I stopped for refreshment at a little kneipe and had an Eisschokolate (ice chocolate) and a cake, and just reveled in the moment. After that little break, I thought I had enough energy to set off. I walked and walked and walked. I took another journaling break on a shady, wildflower-covered grassy knoll across from the path, not 15 feet from the water. I seriously felt like that meadow scene from Twilight (filmed on the golf course at Griffin Park in Los Angeles), where Bella and Edward lie in the wildflower-covered grass and look at each other, and the crane spirals the camera up--it's one of my favorite scenes in the movie. I wrote out the entire song of Jackson Browne's "Rock Me on the Water" out in my journal, since it seemed to fit my mood exactly.
I kept on walking and walking and walking, passing a lot of cyclists, going through little woodsey areas, just following the water around, thinking, ruminating on the beauty around me. After a while, I came to the town of Berg where the path continued out toward a street in the township itself, and continued to follow the signs to the chapel. And kept following--and kept following. I entered this wood out of a fairy tale. The most recent fairy-tale like book I've read was The Book of Lost Things, and I began to feel like the boy who has unknowingly stumbled into a world he thought belonged only in his imagination. The odd cyclist came down the path, or the hiking family, but there were several moments when it was me and the woods. And that was wonderful. I was reminded of Muir Woods--the tall trees scraping the sky, again, surrounding me. Only the blue coolness in the air hinted at the presence of a lake not far off.

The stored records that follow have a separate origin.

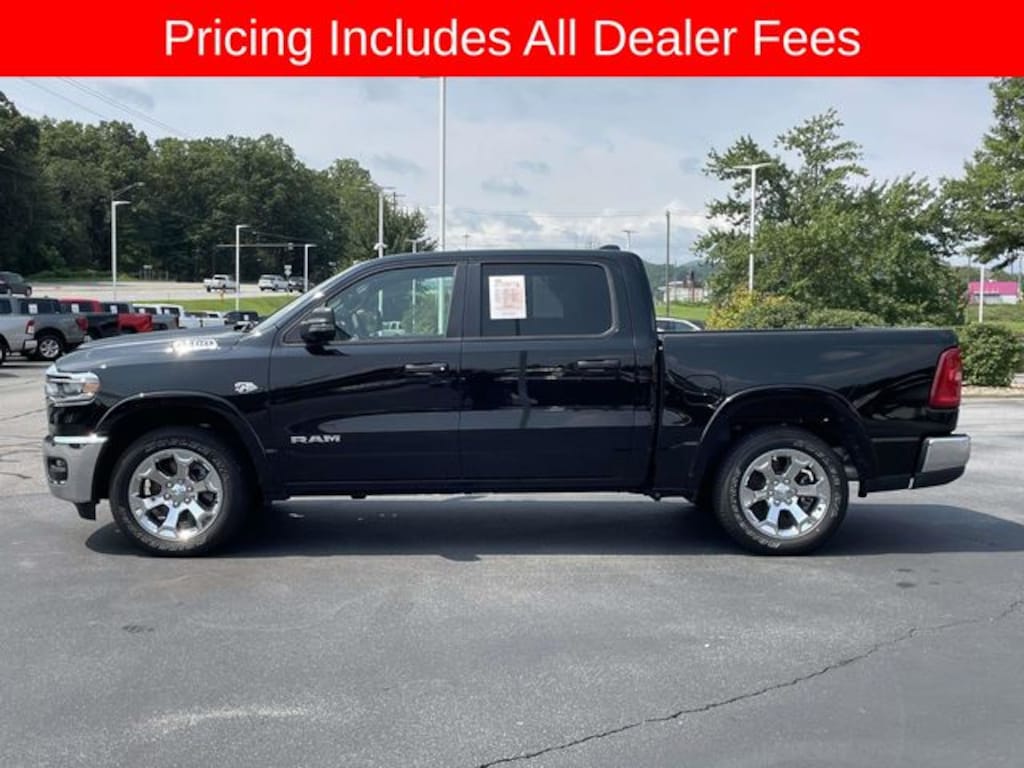 Used 2026 Ram 1500 Big Horn/Lone Star Truck
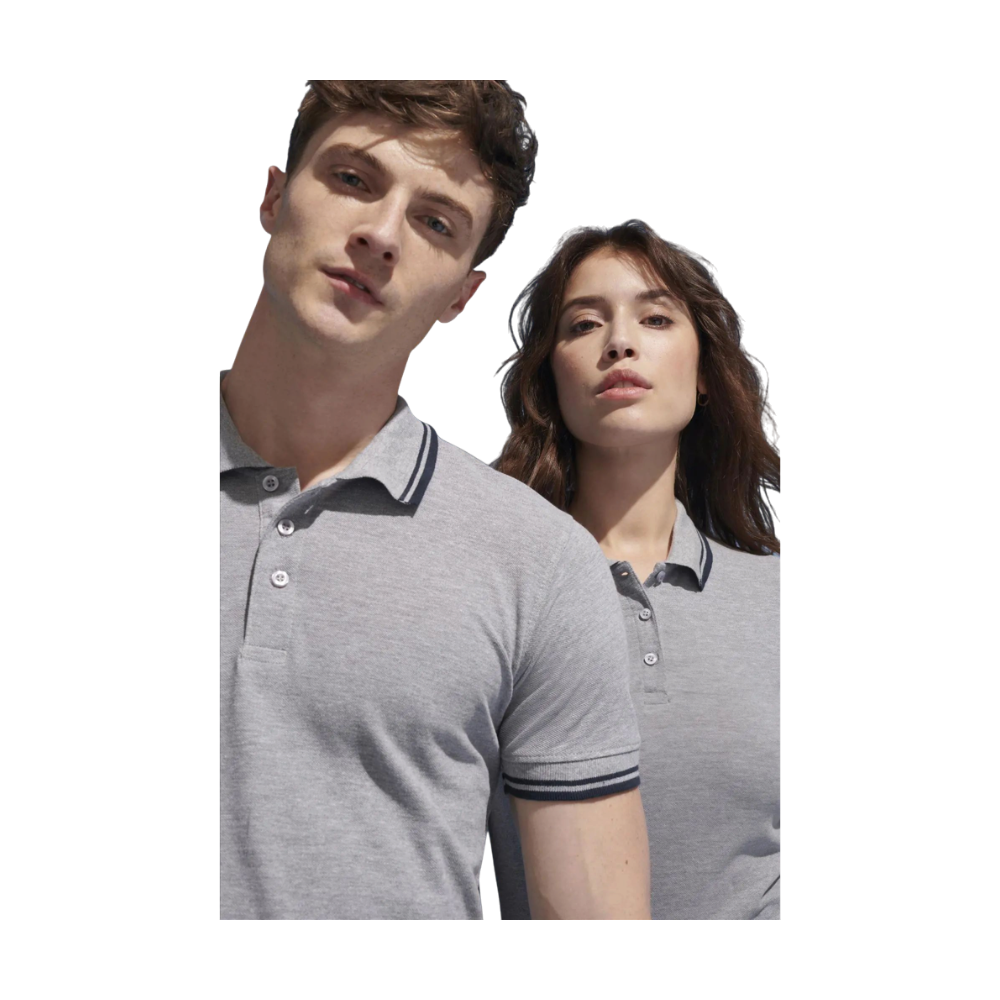 SOL'S | Pasadena Mediumweight Polo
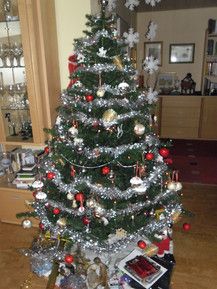 Das Christkind kann kommen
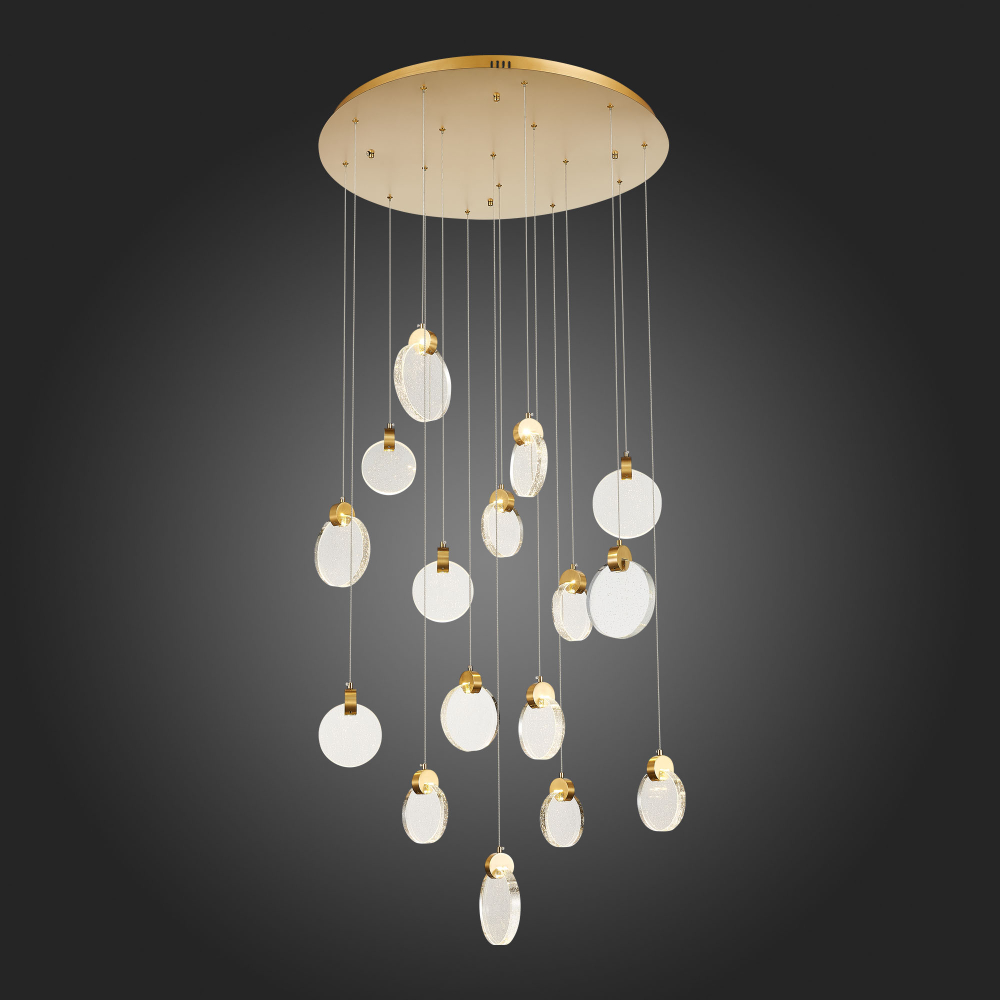 Светильник подвесной ST Luce Montecelio SL6104.203.16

The path diverged several times, forking off in a Robert Frost sort of way, but this time, I took the path well-travelled by, since my destination was a well-travelled one. I thought about the irony of this choice in the Frostian context. Finally, I saw this sight emerging into the trees, like a castle. But it was the Votive Chapel. Some cyclists were hitching their bikes down the stairs toward the chapel, and I followed them down the path. Just in front of the Votive Chapel is the cross, erected by Ludwig's mother, in the shallow end of the water, marking where they found Ludwig's body. The chapel was QUITE beautiful, especially for something so out of the way. It was very reminescent of Neuschwanstein, and I shook my head and tsked, "Ludwig, Ludwig, Ludwig." It's curious how everything to do with King Ludwig is so far out of the way from everything. He even died in an obscure place, and not intentionally! I'm not sure what the cause-and-effect of this is, but this is Europe, and every township certainly dates before King Ludwig II. He was really into the isolation of the forest medieval.

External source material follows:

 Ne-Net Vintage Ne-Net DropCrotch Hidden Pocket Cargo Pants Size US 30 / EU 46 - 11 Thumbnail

After I saw my sights, I returned through the woods, not really wanting to leave. I had a Coke at the Cafe Schloss Berg overlooking the water, and judged myself hydrated enough to make the hike back. By this time (around 4ish), a lot more people had set up beach spots. A dad was helping his pre-teen son surf on that boat thingy, little girls were splashing in the water. . . . idyllic.
(Editing note: I'm having some issues with the format of this post. I apologize for any difficulty in its readability.)